IIX’s Managing Director Robert Kraybill participated in the Innovation Working Group of the Task Force on Justice, which published the report “Innovating justice: needed & possible” on 6 February 2019. The Innovation Working Group was asked to review the evidence of unmet justice needs, explore the potential for innovation, explore the investment possibilities for promising innovation areas, provide parameters for enhancing innovation for SDG16.3, and to make recommendations on these matters to the Task Force on Justice. Read the report here.
It concludes that the access to justice gap in the world is huge. Justice systems are not meeting the needs of people in a serious way. We will need innovation to deal with this problem. We must challenge some of our basic assumptions about what justice systems must do and how they do that.

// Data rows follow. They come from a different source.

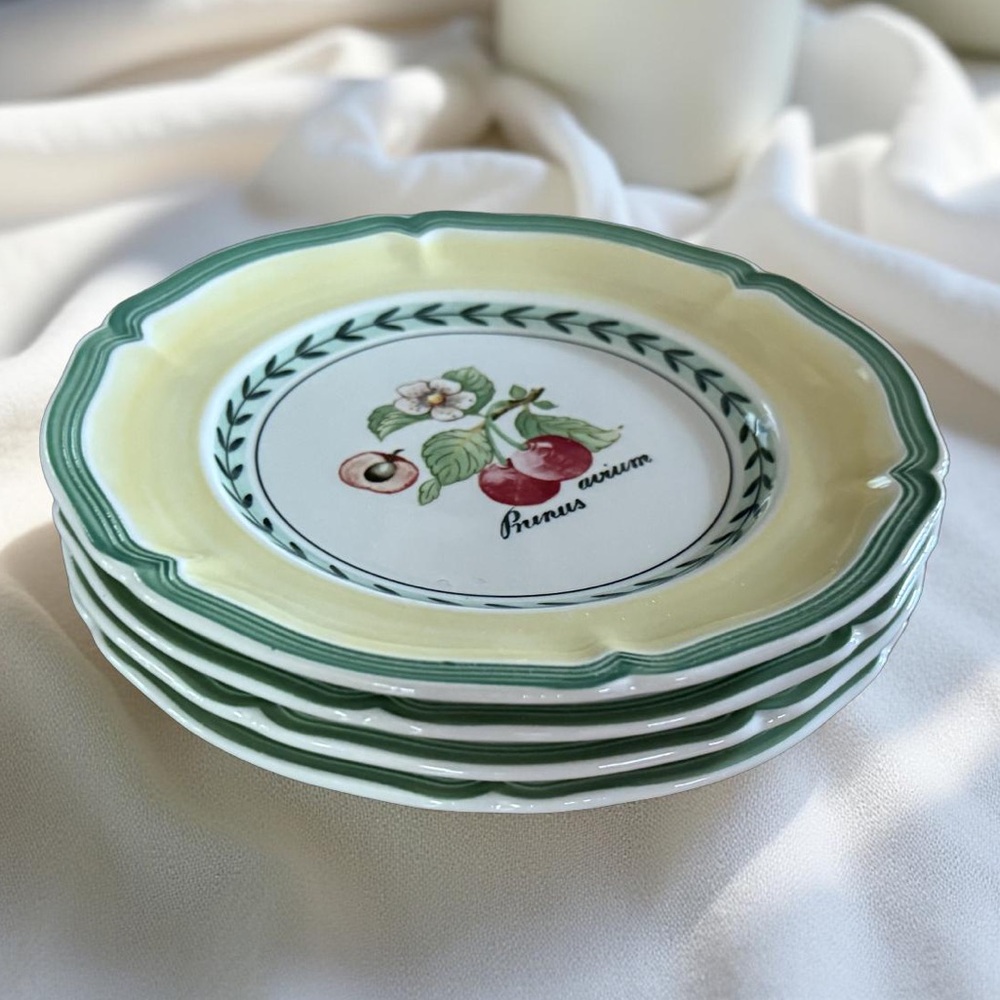 Villeroy & Boch EUC French Garden Porcelain Bread & Butter Plates Set of 4 - Picture 3 of 5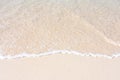 Wave on a sandy beach Royalty Free Stock Photo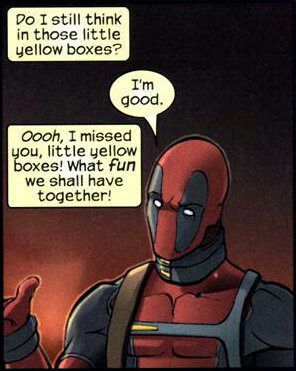 deadpool fourth wall quotes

- Justice should be re-framed in terms of the justice needs of people and the fairness of their relationships. We need a focus on outcomes.
- Justice systems must also open-up and let others in besides lawyers.
- We must also start seeing costs differently: justice systems don’t only cost money; they also provide ‘revenue’ and benefits in the social and economic sense.
- We have seen the emergence of new technologies and services, both very new technological advances and 21st century upgrades of ancient traditions, that are available to close the justice gap.
- It is also necessary to open up when it comes to financing justice innovation.